(Task material):
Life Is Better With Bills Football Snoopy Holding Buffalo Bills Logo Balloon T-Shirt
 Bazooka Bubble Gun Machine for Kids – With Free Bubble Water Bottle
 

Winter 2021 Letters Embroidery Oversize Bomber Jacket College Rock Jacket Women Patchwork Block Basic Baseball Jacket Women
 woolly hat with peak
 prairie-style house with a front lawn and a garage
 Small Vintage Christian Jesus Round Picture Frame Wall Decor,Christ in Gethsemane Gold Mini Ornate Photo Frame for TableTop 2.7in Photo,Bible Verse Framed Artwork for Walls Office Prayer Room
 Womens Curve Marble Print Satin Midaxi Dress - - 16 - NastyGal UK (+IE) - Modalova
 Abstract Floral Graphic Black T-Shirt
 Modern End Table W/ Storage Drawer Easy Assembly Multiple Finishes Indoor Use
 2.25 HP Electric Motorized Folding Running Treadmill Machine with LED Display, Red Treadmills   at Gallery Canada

(Description of the task):
Print exactly the lines above, starting at the line that contains "Winter 2021 Letters" and ending with the last line of the records, both included.

(Solution):
Winter 2021 Letters Embroidery Oversize Bomber Jacket College Rock Jacket Women Patchwork Block Basic Baseball Jacket Women
 woolly hat with peak
 prairie-style house with a front lawn and a garage
 Small Vintage Christian Jesus Round Picture Frame Wall Decor,Christ in Gethsemane Gold Mini Ornate Photo Frame for TableTop 2.7in Photo,Bible Verse Framed Artwork for Walls Office Prayer Room
 Womens Curve Marble Print Satin Midaxi Dress - - 16 - NastyGal UK (+IE) - Modalova
 Abstract Floral Graphic Black T-Shirt
 Modern End Table W/ Storage Drawer Easy Assembly Multiple Finishes Indoor Use
 2.25 HP Electric Motorized Folding Running Treadmill Machine with LED Display, Red Treadmills   at Gallery Canada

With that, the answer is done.